Personal information
- Birth name: Mahmoud Abdel-Aati
- Date of birth: November 1, 1983 (age 42)
- Place of birth: Ismailia, Egypt
- Height: 1.83 m (6 ft 0 in)
- Positions: Centre-back; defensive midfielder; sweeper;

Team information
- Current team: Petrojet

Youth career
- Al-Qanah

Senior career*
- Years: Team / Apps / (Gls)
- Tersana / ??
- 2004–2007: Al-Ittihad Al-Iskandary / ?? / (1)
- 2008–2009: Asyut Petroleum / 24 / (3)
- 2009–pres.: Petrojet

International career
- ??: Egypt U-18 / 10 / (0)
- Egypt U-20 / 1 / (0)

= Mahmoud Samna =

Egyptian footballer (born 1983)

Mahmoud "Samna" Abdel-Aati (محمود سمنة عبد العاطي; born November 1, 1983) is an Egyptian football defender who currently plays for Petrojet.

==Career==
Samna is one of the famous defenders in the Egyptian Premier League, known for his style of play. A defender, who also has good attacking headers.

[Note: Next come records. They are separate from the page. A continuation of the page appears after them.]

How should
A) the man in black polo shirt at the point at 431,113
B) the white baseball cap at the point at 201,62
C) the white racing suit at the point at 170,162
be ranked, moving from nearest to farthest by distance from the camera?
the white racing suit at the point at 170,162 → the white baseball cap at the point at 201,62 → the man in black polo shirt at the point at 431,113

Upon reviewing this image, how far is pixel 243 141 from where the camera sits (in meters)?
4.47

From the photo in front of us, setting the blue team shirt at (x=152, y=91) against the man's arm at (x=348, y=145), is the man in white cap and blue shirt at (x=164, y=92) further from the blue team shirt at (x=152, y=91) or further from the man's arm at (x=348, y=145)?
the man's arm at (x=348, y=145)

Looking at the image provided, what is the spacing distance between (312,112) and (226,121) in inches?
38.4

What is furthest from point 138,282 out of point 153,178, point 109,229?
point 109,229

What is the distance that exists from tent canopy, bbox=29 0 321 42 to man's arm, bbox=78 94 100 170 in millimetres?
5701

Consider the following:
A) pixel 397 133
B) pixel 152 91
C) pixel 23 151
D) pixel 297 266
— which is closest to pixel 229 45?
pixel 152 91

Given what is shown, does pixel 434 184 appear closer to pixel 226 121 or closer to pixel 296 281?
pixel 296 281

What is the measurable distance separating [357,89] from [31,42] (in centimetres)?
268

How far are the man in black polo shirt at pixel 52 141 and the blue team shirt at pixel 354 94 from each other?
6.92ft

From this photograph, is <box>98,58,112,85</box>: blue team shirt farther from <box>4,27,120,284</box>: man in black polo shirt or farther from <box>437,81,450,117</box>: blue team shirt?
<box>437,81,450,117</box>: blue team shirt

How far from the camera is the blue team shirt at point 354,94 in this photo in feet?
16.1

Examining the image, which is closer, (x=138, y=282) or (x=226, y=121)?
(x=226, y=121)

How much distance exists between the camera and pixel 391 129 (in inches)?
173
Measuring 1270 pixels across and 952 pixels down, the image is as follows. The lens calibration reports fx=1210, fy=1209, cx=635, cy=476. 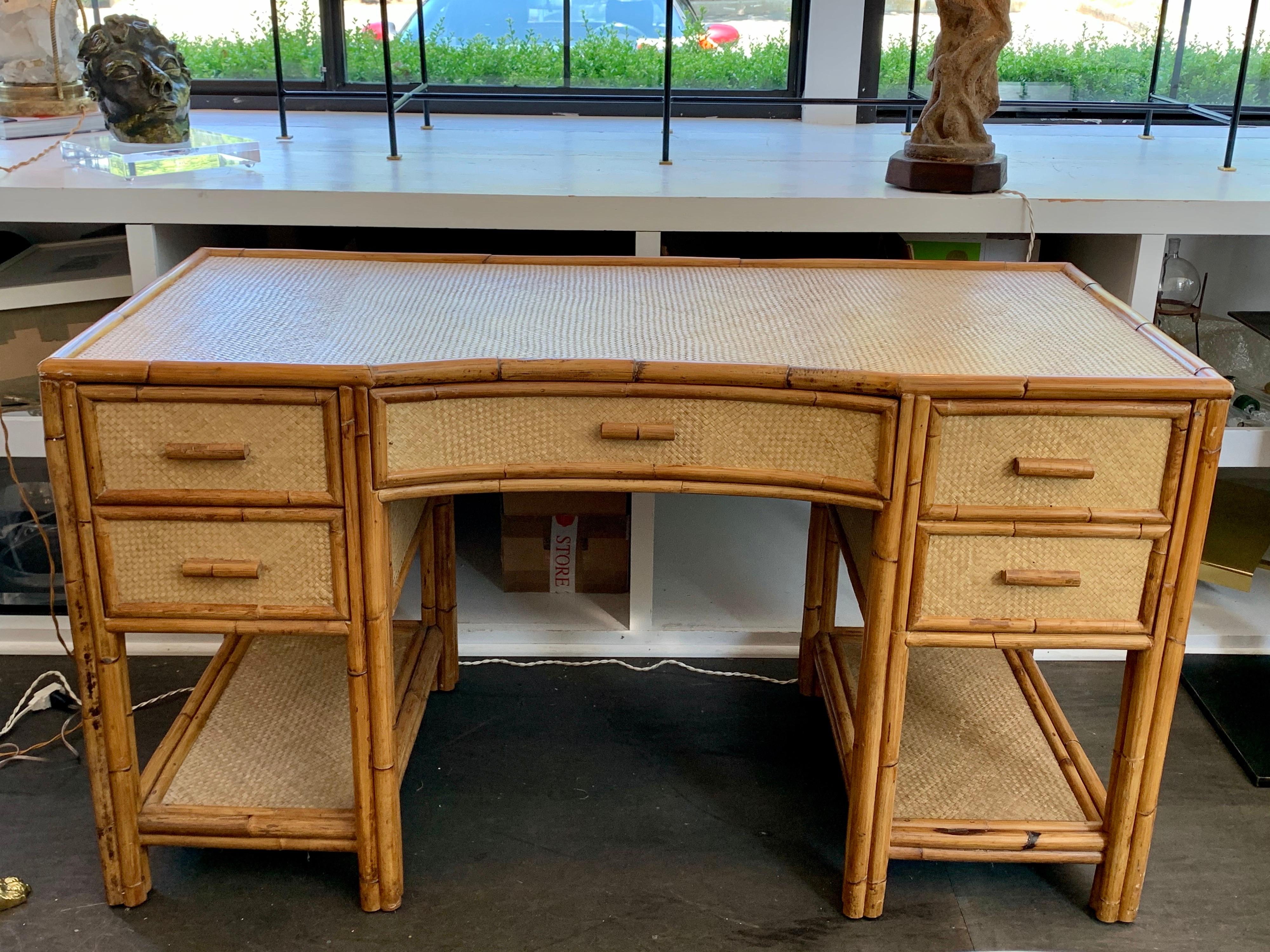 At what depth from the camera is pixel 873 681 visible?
4.26 ft

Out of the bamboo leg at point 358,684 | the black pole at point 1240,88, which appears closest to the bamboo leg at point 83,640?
the bamboo leg at point 358,684

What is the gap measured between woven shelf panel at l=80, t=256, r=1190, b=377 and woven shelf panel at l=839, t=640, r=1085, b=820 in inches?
20.1

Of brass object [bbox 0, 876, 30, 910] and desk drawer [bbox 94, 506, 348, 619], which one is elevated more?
desk drawer [bbox 94, 506, 348, 619]

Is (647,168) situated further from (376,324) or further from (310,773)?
(310,773)

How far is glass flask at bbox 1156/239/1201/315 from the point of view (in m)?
2.01

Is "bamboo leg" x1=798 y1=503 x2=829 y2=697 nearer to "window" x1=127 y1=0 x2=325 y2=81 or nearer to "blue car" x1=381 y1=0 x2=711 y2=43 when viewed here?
"blue car" x1=381 y1=0 x2=711 y2=43

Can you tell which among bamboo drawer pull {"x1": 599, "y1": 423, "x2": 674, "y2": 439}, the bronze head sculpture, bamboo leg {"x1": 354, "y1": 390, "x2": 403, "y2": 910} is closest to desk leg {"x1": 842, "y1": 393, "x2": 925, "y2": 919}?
bamboo drawer pull {"x1": 599, "y1": 423, "x2": 674, "y2": 439}

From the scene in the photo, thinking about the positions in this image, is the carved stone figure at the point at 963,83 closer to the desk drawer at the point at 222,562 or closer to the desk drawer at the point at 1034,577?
the desk drawer at the point at 1034,577

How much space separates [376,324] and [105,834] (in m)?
0.65

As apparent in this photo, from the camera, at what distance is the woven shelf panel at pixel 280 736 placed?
4.74 ft

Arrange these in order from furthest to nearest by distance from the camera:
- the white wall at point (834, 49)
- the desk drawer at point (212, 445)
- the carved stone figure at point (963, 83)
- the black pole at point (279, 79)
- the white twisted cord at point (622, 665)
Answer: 1. the white wall at point (834, 49)
2. the black pole at point (279, 79)
3. the white twisted cord at point (622, 665)
4. the carved stone figure at point (963, 83)
5. the desk drawer at point (212, 445)

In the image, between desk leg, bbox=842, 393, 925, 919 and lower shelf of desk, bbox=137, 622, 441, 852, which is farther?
lower shelf of desk, bbox=137, 622, 441, 852

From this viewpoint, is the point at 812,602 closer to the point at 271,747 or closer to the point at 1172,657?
the point at 1172,657

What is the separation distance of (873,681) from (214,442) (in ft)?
2.38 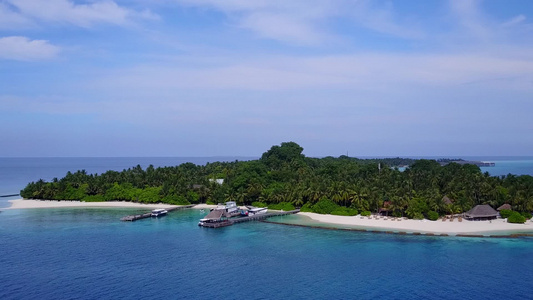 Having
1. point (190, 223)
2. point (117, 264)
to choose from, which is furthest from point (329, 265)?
point (190, 223)

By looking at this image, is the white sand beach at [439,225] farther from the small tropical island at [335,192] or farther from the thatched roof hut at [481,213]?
the thatched roof hut at [481,213]

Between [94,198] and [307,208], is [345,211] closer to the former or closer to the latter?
[307,208]

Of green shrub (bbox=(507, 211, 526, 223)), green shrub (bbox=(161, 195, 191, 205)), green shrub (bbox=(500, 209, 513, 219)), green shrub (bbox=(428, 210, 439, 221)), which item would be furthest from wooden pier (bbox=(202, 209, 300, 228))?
green shrub (bbox=(507, 211, 526, 223))

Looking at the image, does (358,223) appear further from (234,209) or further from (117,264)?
(117,264)

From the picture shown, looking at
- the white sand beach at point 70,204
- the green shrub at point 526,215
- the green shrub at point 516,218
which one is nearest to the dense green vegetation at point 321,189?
the green shrub at point 526,215

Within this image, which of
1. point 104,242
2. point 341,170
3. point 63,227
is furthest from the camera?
point 341,170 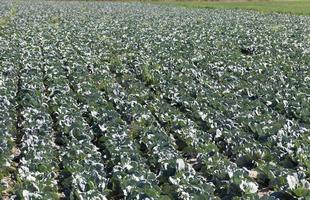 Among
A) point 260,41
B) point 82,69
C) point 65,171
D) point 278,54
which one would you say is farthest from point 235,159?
point 260,41

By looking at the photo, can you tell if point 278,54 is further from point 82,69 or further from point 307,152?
point 307,152

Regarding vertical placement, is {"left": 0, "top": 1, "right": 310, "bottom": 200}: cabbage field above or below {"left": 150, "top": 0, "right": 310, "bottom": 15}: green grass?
above

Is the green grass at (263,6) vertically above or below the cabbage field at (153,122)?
below

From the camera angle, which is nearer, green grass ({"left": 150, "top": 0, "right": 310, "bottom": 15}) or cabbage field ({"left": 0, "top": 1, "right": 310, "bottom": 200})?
cabbage field ({"left": 0, "top": 1, "right": 310, "bottom": 200})

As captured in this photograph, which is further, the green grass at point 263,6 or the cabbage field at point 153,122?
the green grass at point 263,6

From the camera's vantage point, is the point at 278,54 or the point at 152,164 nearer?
the point at 152,164

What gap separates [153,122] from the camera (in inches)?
447

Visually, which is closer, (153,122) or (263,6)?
(153,122)

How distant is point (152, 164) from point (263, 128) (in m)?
2.75

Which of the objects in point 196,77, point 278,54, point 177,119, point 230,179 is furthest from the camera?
point 278,54

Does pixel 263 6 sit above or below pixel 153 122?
below

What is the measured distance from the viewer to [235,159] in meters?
9.73

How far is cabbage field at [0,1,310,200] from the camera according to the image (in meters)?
7.96

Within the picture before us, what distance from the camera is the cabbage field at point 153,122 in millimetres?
7957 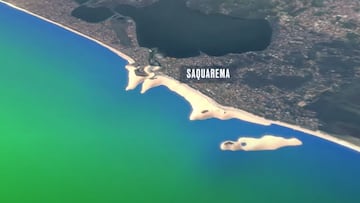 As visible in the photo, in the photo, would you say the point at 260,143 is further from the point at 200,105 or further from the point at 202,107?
the point at 200,105

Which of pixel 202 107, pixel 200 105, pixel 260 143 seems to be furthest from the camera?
pixel 200 105

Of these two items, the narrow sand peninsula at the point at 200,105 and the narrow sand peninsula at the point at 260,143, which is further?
the narrow sand peninsula at the point at 200,105

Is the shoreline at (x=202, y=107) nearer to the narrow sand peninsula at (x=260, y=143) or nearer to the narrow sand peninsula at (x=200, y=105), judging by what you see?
the narrow sand peninsula at (x=200, y=105)

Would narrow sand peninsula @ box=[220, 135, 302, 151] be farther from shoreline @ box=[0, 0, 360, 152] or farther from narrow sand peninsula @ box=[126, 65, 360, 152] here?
narrow sand peninsula @ box=[126, 65, 360, 152]

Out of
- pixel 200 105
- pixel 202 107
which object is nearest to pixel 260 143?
pixel 202 107

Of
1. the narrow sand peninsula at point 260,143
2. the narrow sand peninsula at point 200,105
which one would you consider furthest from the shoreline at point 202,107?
the narrow sand peninsula at point 260,143

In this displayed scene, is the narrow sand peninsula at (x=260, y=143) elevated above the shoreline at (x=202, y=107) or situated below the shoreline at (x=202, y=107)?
below

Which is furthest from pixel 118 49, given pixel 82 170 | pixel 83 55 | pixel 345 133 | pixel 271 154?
pixel 345 133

At the start of the 2007-2008 season, when the manager Mohamed Amer was under pressure from fans after losing a number of matches, Samna was caught on camera going to the away stand of the Cairo International Stadium to calm the Al-Ittihad Al-Iskandary fans down himself, and asking them to stop chanting against his manager.

His headed goal for Al-Ittihad Al-Iskandary at Petrojet in the final days of the 2007-2008 season is one of the most famous in the Alexandrian club's history, as it kept them from being relegated for the first time from the Egyptian Premier League.

He joined Asyut Petroleum from Al-Ittihad Al-Iskandary in 2008 for a record club salary fee. In summer 2009, he rejected offers from El Zamalek and Ismaily and signed for Petrojet for around €100,000.

== Transfer speculation ==
It has been reported that he was going to sign for Turkish Super Lig club Galatasaray in summer 2009 and prior to this, African champions Al-Ahly, in January 2009.

In March 2010, he received an offer from Finnish Veikkausliiga club FC Lahti, which Petrojet rejected.

==International career==
He has been a regular international for the Under-18 Egypt and played for the Under-20 Egypt as well.